Exactly how many lines of the data below include the string "Dress"? State the number and nothing more.

═══ RECORDS ═══

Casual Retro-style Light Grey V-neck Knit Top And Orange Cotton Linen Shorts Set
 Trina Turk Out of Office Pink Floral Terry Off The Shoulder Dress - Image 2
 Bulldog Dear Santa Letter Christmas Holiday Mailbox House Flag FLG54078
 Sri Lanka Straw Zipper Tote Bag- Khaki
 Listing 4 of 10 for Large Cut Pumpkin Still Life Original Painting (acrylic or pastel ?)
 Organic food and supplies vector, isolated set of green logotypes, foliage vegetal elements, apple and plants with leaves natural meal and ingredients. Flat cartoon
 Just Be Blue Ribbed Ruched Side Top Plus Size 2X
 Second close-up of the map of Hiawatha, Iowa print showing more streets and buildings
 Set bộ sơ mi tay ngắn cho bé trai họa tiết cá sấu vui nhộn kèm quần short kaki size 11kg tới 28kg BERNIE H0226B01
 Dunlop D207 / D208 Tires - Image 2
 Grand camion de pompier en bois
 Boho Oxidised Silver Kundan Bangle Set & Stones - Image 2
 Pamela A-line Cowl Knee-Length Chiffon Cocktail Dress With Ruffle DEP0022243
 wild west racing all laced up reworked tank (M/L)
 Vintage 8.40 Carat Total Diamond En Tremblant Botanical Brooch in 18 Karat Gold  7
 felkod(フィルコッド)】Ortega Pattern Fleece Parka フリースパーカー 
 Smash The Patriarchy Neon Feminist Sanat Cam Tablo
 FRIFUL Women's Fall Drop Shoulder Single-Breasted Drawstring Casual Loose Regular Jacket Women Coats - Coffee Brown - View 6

═══

» SOLUTION
2